Output the data word for word. Begin at its first line and end at the line with "loro piana 로로피아나 썸머참스 36 초콜릿 상품이미지4".

*** Block opens ***

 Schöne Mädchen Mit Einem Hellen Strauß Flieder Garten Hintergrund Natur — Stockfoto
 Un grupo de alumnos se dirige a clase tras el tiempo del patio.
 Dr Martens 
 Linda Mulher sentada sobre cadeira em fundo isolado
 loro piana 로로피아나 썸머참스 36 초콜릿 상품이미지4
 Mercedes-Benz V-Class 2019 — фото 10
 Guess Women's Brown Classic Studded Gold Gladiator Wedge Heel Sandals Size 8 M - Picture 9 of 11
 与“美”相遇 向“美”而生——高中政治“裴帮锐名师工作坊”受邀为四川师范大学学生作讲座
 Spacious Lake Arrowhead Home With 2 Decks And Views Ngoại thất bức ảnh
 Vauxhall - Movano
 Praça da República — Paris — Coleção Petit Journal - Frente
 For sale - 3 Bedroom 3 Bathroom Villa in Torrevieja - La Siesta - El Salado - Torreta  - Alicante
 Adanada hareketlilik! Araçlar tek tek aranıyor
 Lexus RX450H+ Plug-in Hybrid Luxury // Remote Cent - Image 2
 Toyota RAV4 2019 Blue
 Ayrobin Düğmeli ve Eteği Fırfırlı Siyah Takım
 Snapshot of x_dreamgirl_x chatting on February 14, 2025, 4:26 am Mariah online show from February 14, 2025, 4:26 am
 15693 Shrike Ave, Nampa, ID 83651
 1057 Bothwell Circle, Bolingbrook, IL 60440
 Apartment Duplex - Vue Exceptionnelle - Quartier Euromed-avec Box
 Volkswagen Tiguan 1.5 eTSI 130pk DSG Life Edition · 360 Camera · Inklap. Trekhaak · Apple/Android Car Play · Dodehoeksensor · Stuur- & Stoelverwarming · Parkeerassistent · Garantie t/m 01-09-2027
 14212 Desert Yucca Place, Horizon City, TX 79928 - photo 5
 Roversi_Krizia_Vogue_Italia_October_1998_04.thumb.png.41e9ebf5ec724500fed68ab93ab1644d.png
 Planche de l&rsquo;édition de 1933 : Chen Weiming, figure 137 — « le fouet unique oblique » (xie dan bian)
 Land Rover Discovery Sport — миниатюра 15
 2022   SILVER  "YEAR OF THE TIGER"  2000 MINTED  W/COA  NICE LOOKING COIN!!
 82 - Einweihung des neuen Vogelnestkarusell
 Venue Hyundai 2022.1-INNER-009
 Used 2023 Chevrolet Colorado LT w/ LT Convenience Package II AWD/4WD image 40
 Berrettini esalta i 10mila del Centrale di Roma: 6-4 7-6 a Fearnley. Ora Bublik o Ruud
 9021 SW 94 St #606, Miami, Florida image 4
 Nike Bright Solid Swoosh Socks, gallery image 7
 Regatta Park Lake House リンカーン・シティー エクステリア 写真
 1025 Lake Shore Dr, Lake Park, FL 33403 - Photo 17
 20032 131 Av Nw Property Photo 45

*** Block closes ***

[Output of the exercise]:
 Schöne Mädchen Mit Einem Hellen Strauß Flieder Garten Hintergrund Natur — Stockfoto
 Un grupo de alumnos se dirige a clase tras el tiempo del patio.
 Dr Martens 
 Linda Mulher sentada sobre cadeira em fundo isolado
 loro piana 로로피아나 썸머참스 36 초콜릿 상품이미지4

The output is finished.